**What to do**
Without any pictures, print the lines below from the one that has "Richard Wilbur Quotes: The" through the one that has "liverpool mudou de escudo", exactly and nothing else.

**Source material**
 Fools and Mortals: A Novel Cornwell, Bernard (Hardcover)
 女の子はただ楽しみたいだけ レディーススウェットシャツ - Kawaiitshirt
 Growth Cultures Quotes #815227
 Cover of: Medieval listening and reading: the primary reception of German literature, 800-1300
...
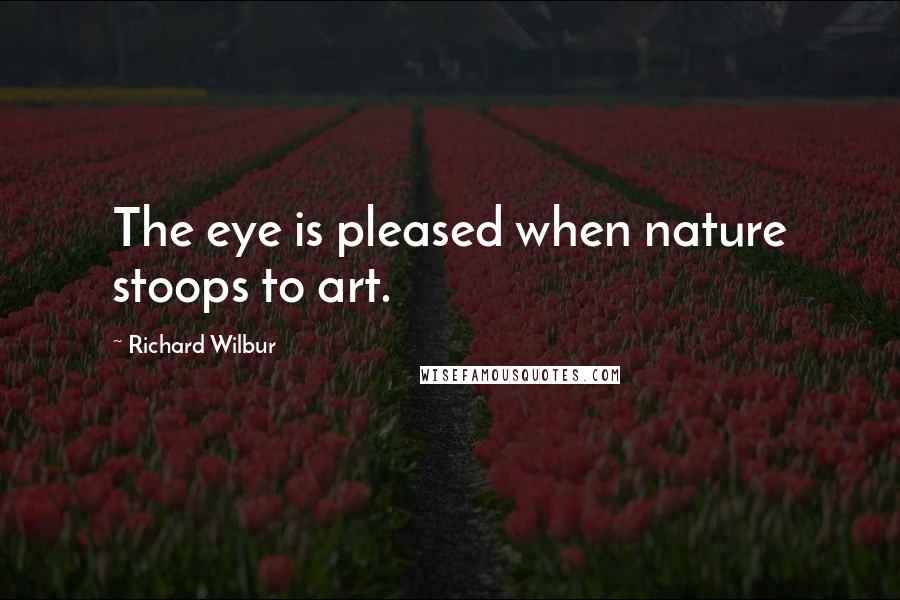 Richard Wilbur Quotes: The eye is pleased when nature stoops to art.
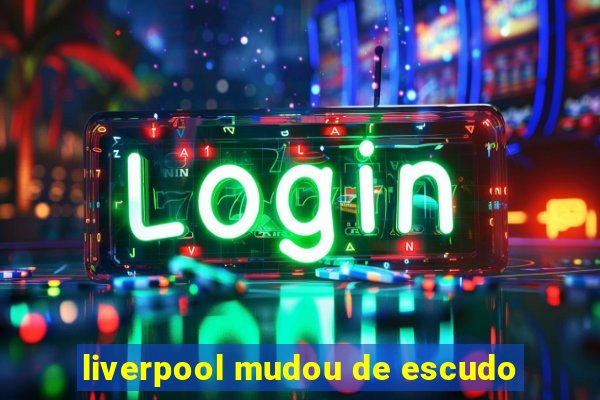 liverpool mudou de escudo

**Output**
 Richard Wilbur Quotes: The eye is pleased when nature stoops to art.
 liverpool mudou de escudo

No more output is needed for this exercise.